Vanguard's changes to its target date retirement funds in December 2020 had substantial impacts on retail investors. The firm lowered the minimum investment requirement for its Institutional Target Retirement Funds (TRFs) from $100 million to $5 million, encouraging smaller retirement plans to move into the cheaper institutional tier. This migration led to a large number of sales of Investor TRF shares, forcing the funds to sell highly appreciated assets to meet the redemptions. As a result, retail investors who held target-date funds in taxable accounts faced historically larger capital gains distributions and tax liabilities, depriving them of the potential compounding growth of their investments.
The SEC's order found that Vanguard's prospectuses for Investor TRFs, distributed in 2020 and 2021, were materially misleading. They stated that the funds' distributions may be taxable as ordinary income or capital gains, and that capital gains distributions could vary significantly from year to year due to the funds' "normal" investment activities and cash flows. However, the prospectuses failed to disclose the potential for increased capital gains distributions resulting from the redemptions of fund shares by newly eligible investors switching from the Investor TRFs to the Institutional TRFs. This omission was a significant oversight, as it did not inform investors of the potential tax implications of the migration of shareholders between the two fund tiers.

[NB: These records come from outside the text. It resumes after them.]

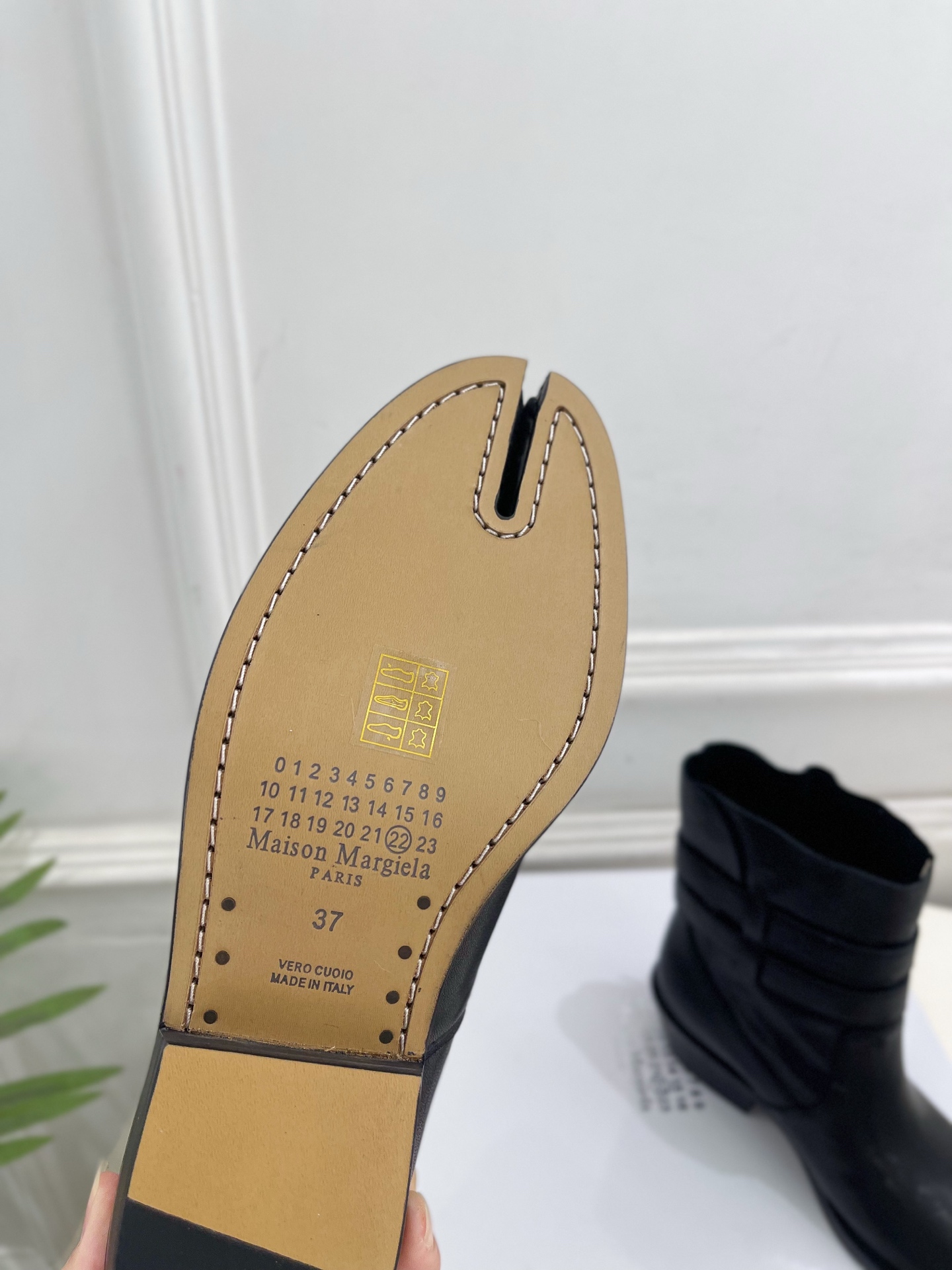 Maison Margiela· 马吉拉26𝐬𝐬 2026秋冬新品 MM6复古皮带扣分趾粗跟短靴———————— MM Maison Margiela· 马吉拉26𝐬𝐬 2026秋冬新品 MM6复古皮带扣分趾粗跟短靴———————— MM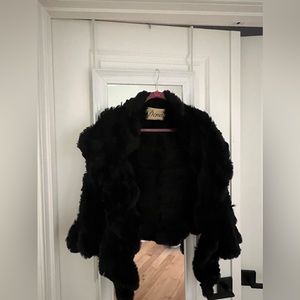 Fur throw on coat
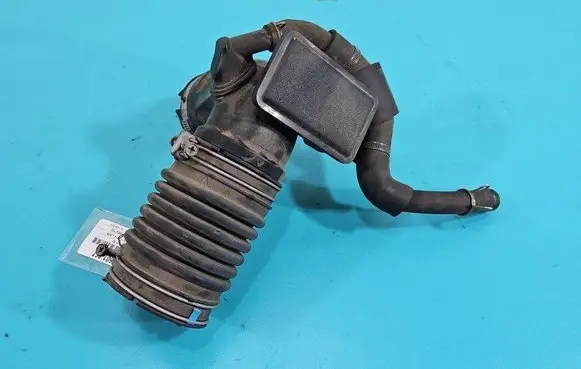Intake resonator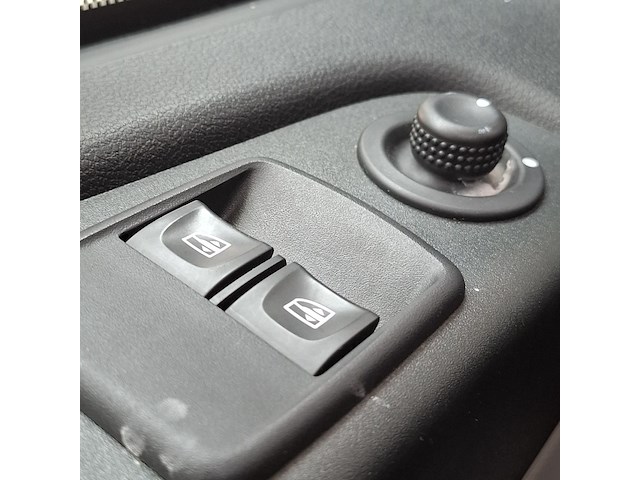 Bedrijfsauto, renault, trafic - afbeelding 3 van  39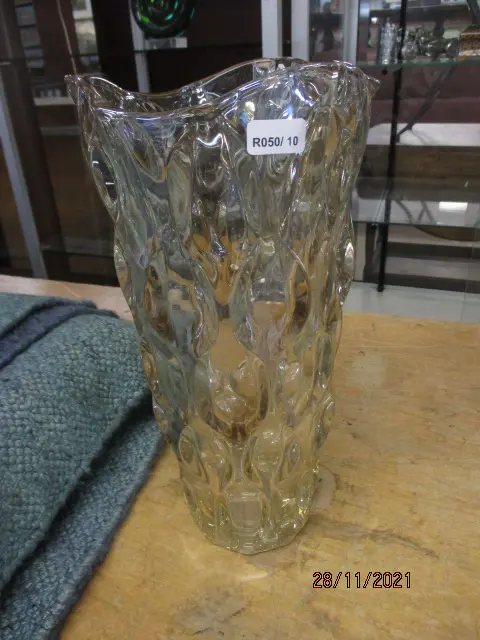 Art Glass Vase Image 1++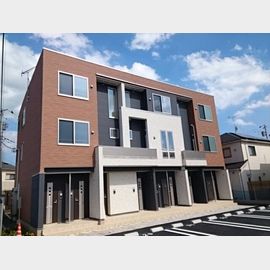 京成成田駅よりバス32分 築9年1ヶ月 3階建の賃貸物件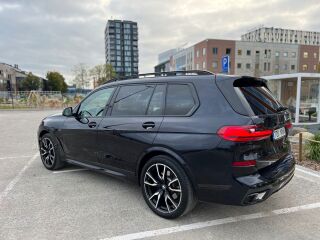 BMW X7 M-Sportpakett Individual 3.0 195kW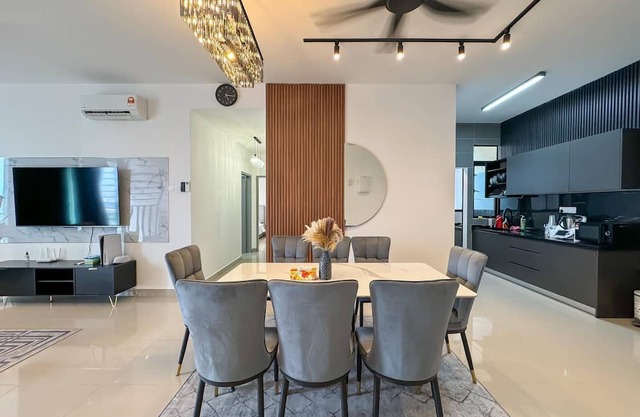 AJ Suites by Rilaks, 3 Bedrooms 3 Baths for 7 Guests in KL North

Vanguard also failed to adopt and implement written policies and procedures reasonably designed to prevent violations of the Advisers Act and rules thereunder with respect to the accuracy of the funds' disclosures. This failure to establish adequate internal controls contributed to the materially misleading prospectuses and the lack of transparency regarding the potential capital gains tax consequences for investors.

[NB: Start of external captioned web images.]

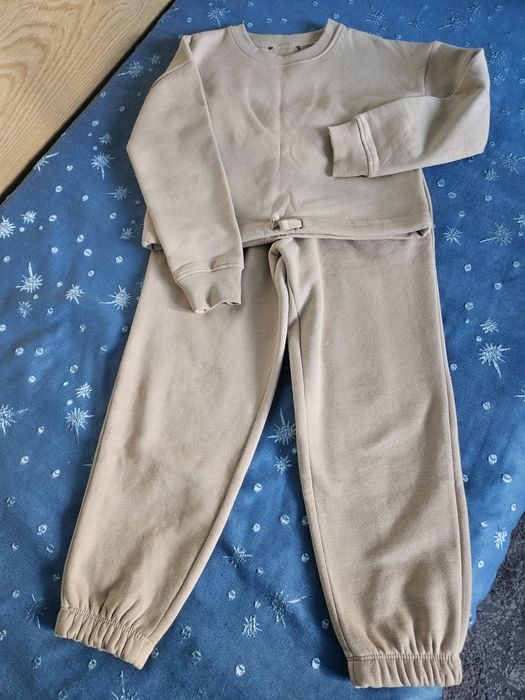 Костюм для дівчинки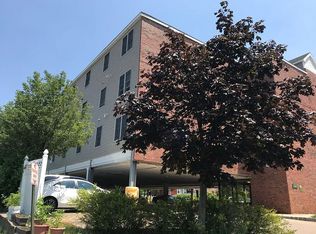 65 Fairview St APT 3F, Palisades Park, NJ 07650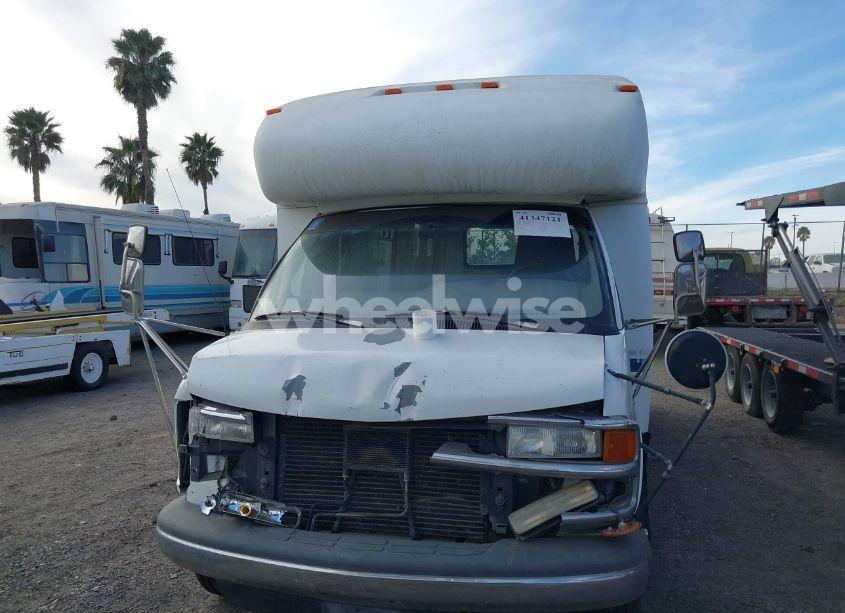 Photo 12 of 1999 Chevrolet Express RV CUTAWAY (VIN 1GBJG31J2X1065109)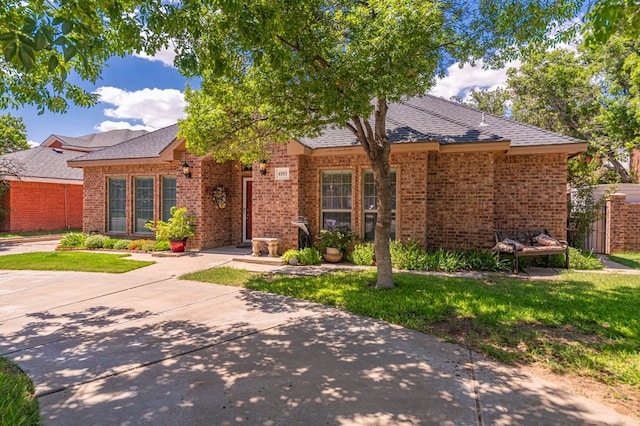 view of front of house featuring a front lawn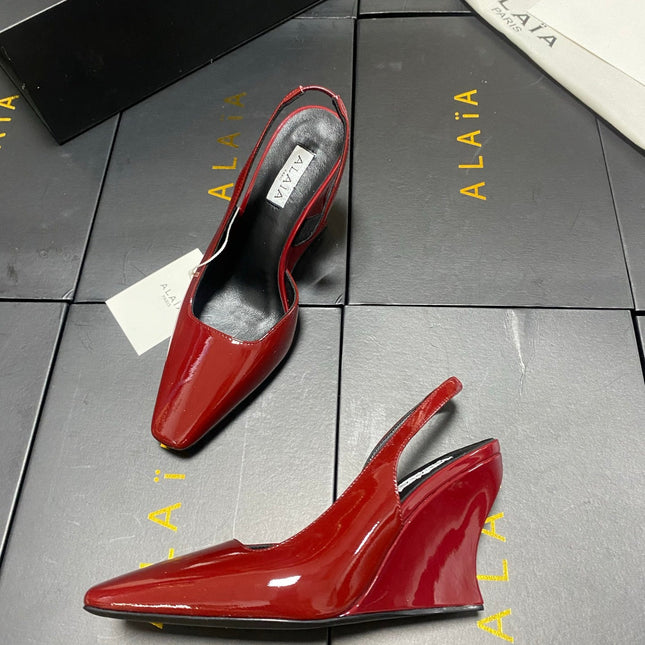 ALAIA 26S WEDGE SLINGBACKS 95 MM IN DARK RED PATENT CALFSKIN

The SEC's investigation found that Vanguard violated the Advisers Act and caused violations of the Securities Act and the Investment Company Act. As a result, Vanguard agreed to be censured, cease and desist from future violations, and pay $18.2 million in disgorgement and prejudgment interest, along with a $13.5 million civil penalty, totaling $106.41 million to be distributed to affected investors through a Fair Fund.
The settlement resolves the SEC's investigation along with settlements of parallel investigations of Vanguard announced today by the Office of the New York Attorney General (NYAG), the Connecticut Department of Banking, and the New Jersey Office of the Attorney General (NJAG) on behalf of the North American Securities Administrators Association (NASAA).
In response to the fine, Vanguard stated, "Vanguard is committed to supporting everyday investors and retirement savers and is happy to have reached an agreement that allows us to put this litigation behind us."
The fine serves as a reminder for investment advisors to maintain transparency and accuracy in their disclosures, particularly regarding potential tax implications for investors. Retail investors should also be vigilant in reviewing fund prospectuses and staying informed about changes that may impact their investments.